# The Bottle Shock Open International Competition



## bottleshocker (Apr 29, 2015)

Dear Home Wine Enthusiast,

We are delighted to announce that The Bottle Shock Open Home Wine Competition will be holding its Second Annual Competition on Friday, June 19, 2015, at the Lodi Grape Festival Grounds in Lodi, CA.


The Educational Judging Competition!

Put the deadline for entry on your calendar – June 3, 2015

This national/international competition has built on a successful first year in the heart of wine country with seasoned professionals and experienced hosts orchestrating this wine competition, some for as long as 27 years!

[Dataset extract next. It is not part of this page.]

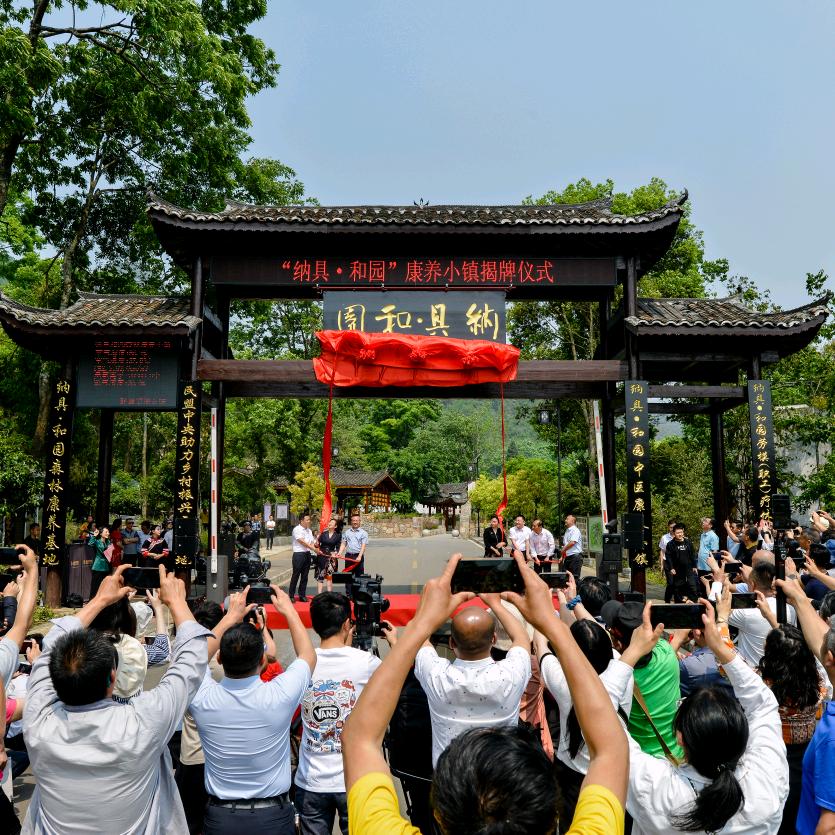 神鹰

So get your wines ready for judging (in a way you don’t usually get) and view feedback on your wines like never before offered.

Enter NOW at www.bottleshockopen.com

Thank you for striving for excellence in winemaking!

Regards,
John Bischoff 
The Bottle Shock Open Team


----------



## ibglowin (Apr 29, 2015)

*Two 750ml* bottles required and a *$20* entry fee……..


----------



## JohnT (Apr 29, 2015)

Plus shipping to CA.....


----------



## ibglowin (Apr 29, 2015)

Thats not an issue for me but no way in He11 would I ver part with two bottles for a single entry.


----------



## wineforfun (Apr 29, 2015)

You guys can send me 1 750ml bottle with no entry fee and I will tell you how great your wine is.


----------



## codeman (Apr 29, 2015)

Will participants receive medals? Obviously provided their wine scores high enough.


----------



## ibglowin (Apr 29, 2015)

Probably best to just go to the website and download the registration materials.


----------